The lawyer representing the US government:

“What controls is Congress’s judgment,” Ms. Saharsky replied, “and Congress has taken a hard line over the past 20 years on criminal aliens, particularly recidivist criminal aliens.”

I suppose one could come up with research showing that deporting occasional marijuana smokers or prescription drug abusers, while unjust in individual cases, on average makes the country better off. But I don’t know why that is supposed to justify such blatant discrimination between citizens and non-citizens. What makes the drug addicted citizen who never chose to be born in your country that much morally superior to someone else who was unlucky enough to be born elsewhere, but consciously chose to join your country?

We are not even talking about authorised versus unauthorised immigrants: most, if not all, the people in Greenhouse’s stories are legal US immigrants. The man facing deportation because he listened to his lawyer’s horrible advice has lived in the US for 40 years, and served in the Vietnam War. Fortunately for him, the Kentucky Court of Appeals recently ordered a retrial of his case because the original conviction that was on the verge of getting him deported was unsound. And fortunately for many others cited by Greenhouse, media attention led to happy endings (though at least one of the incorrectly-deported mental patients was never found again by his family, and seems to be presumed dead). But how many millions of sad stories must there be, not just in the US, but around the world, all because our immigration laws are built on fundamentally immoral presumptions?

Greenhouse rightly questions the moral presumption that immigration laws are primarily about finding ways to keep people out, as opposed to finding ways to let them in. She closes by obliquely hinting:

[The Congress that takes a hard line with people who smoke a single joint and take  a single unprescribed pill] would be the same Congress that spent months tied up in knots over how conclusively to prohibit insurance coverage for abortion under the new health care legislation, ostensibly out of concern for the unborn. Maybe someday, members of Congress will display the same concern for those who happened to have been born, but on the wrong side of the border. Maybe, just maybe, the Supreme Court will show the way.
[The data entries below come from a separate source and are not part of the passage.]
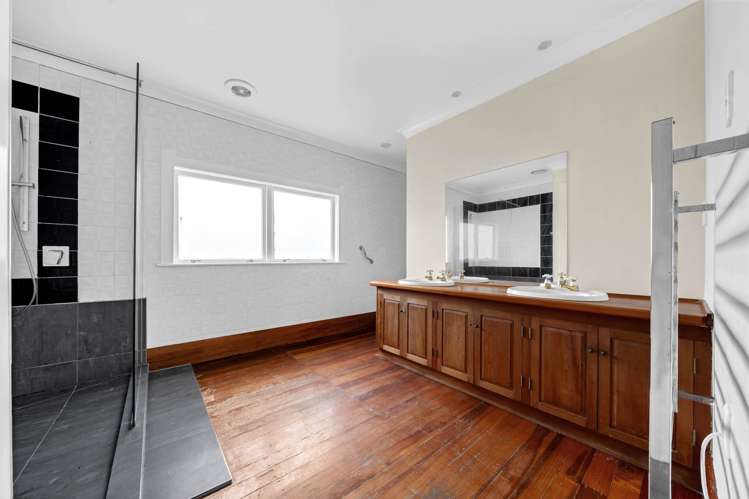 65 Beach Road Pahurehure_20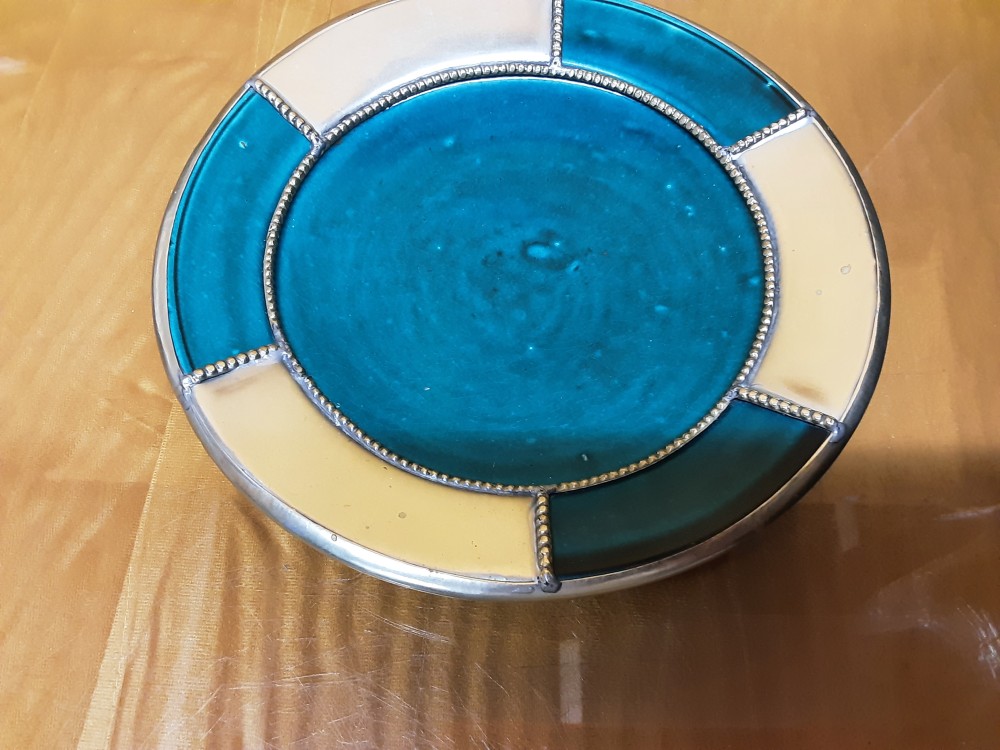 ASSIETTE MAROCAINE VERT ET MÉTAL 
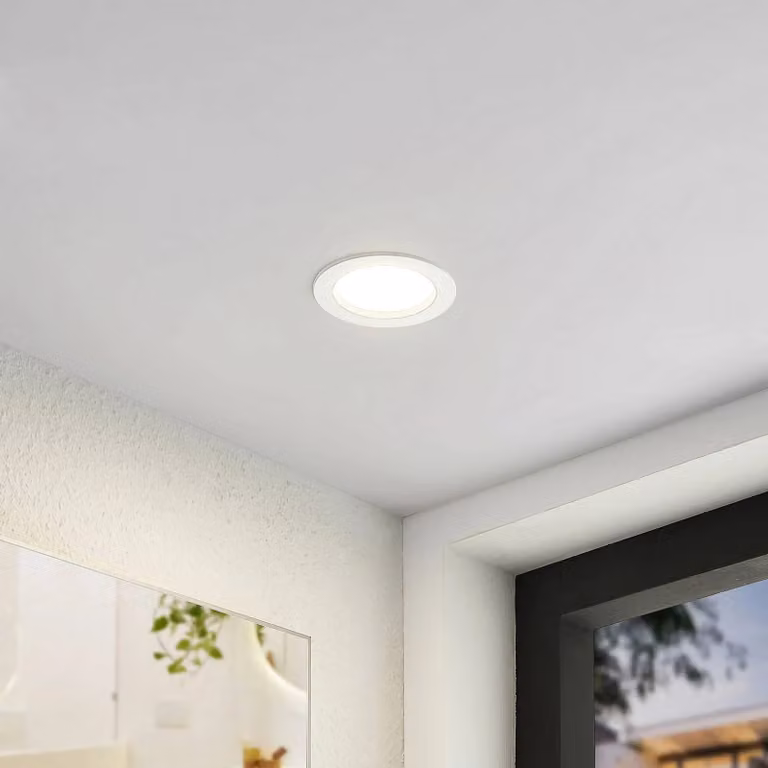 Set de 10 lámparas LED empotrables Arcchio Milaine en color blanco y acabado ópalo, atenuables y aptas para cuarto de baño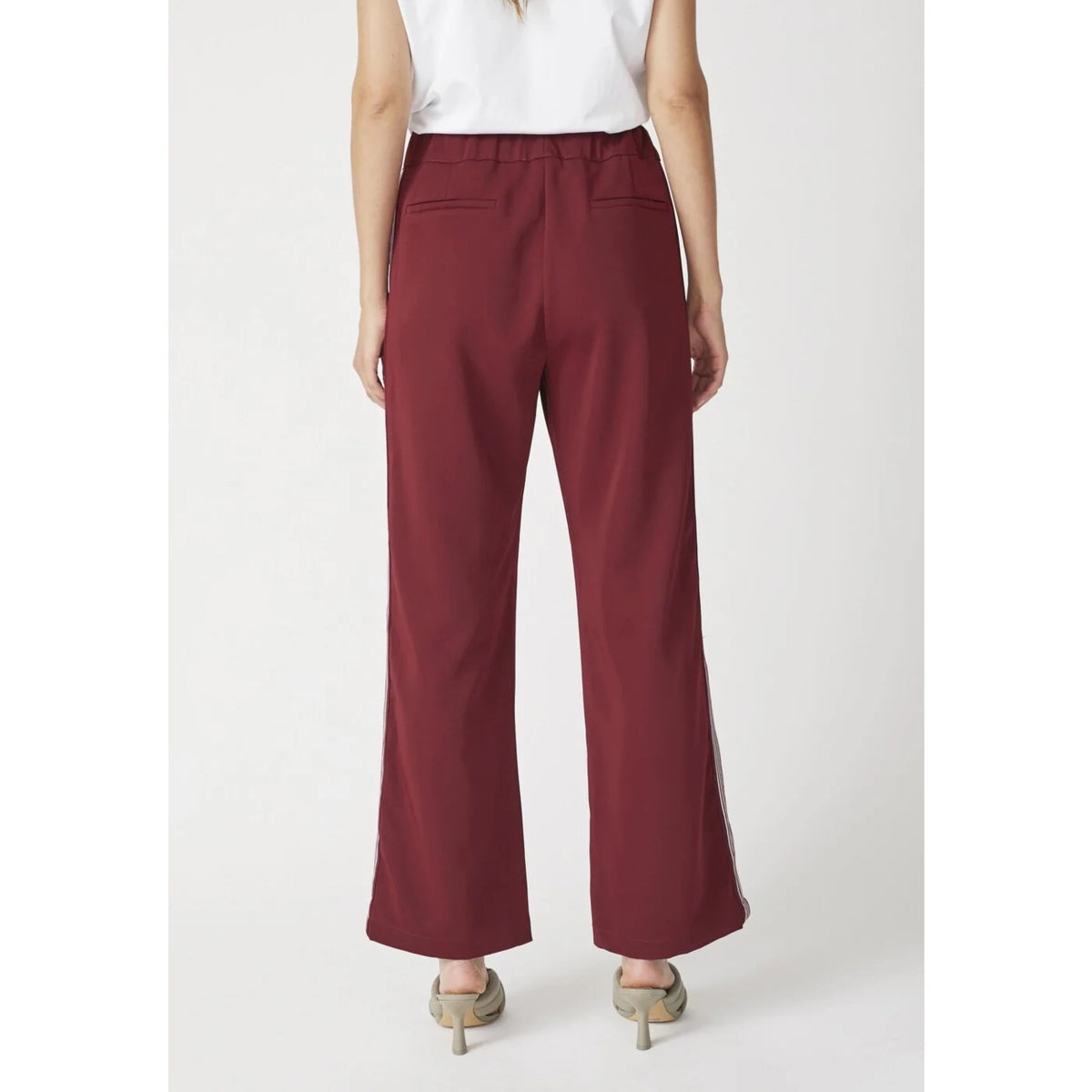 Co'couture Amina Crease Wide-Leg Trousers – Burgundy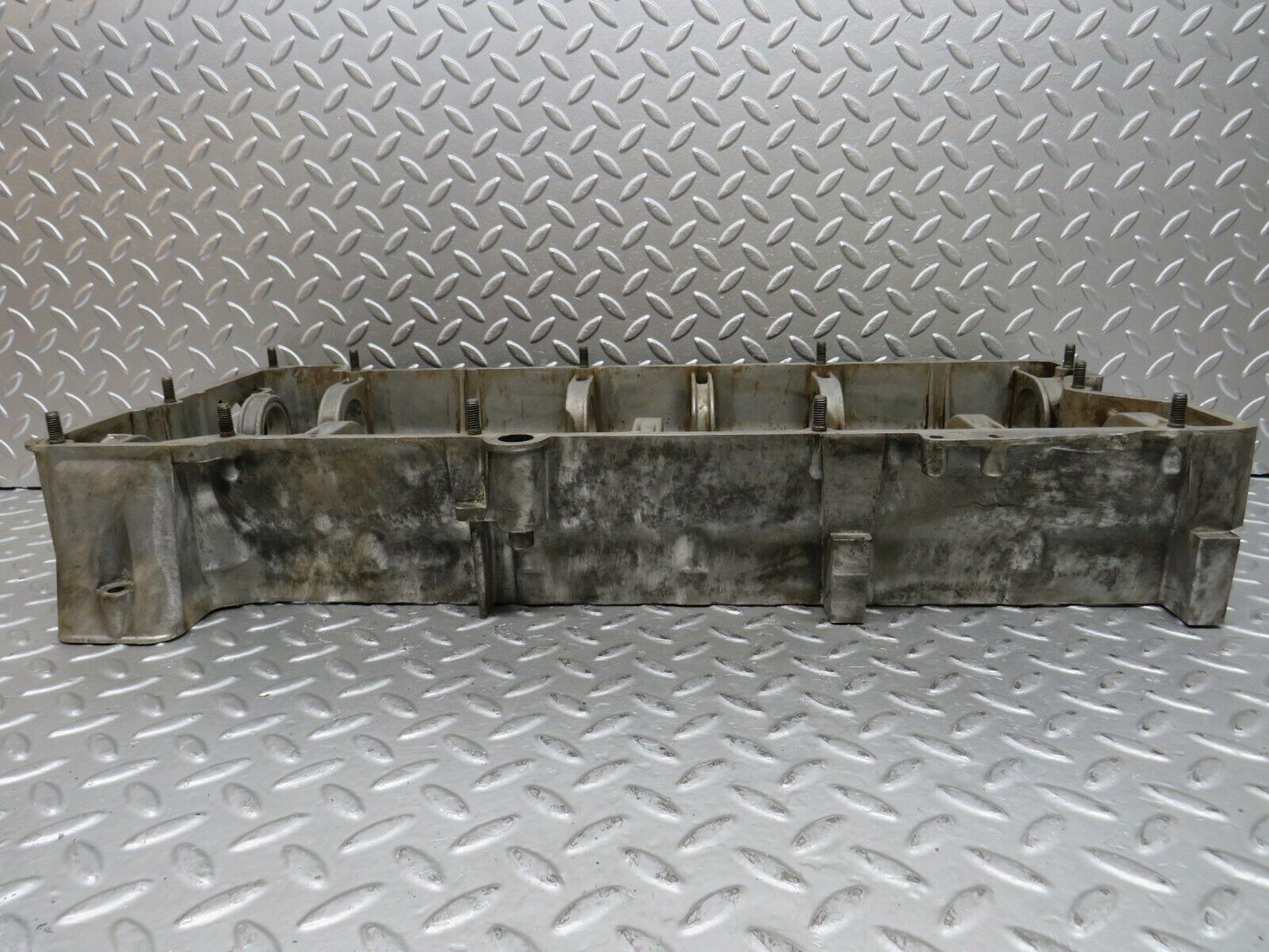 28046 Mercedes-Benz W123 280E Camshaft Bearing Casing 1100163304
She should have been more explicit, and perhaps even a bit more daring in taking on more than just US law. Beyond the fundamental immorality of a regime focused on ways to keep good people out, we need to attack the fundamental immorality of a regime focused on ways to discriminate against good people purely because they were unlucky enough to be born the wrong way. Greenhouse’s stories may illustrate the need for better handling of mental illness or the reform of drug laws, but they all point in the same direction: the fundamental assumption behind most laws is that you can do to non-citizens unconscionable things that you would never dare do to citizens. We need to end this global apartheid: we need to demand legal systems in our countries that properly recognise the worth and dignity of every human being.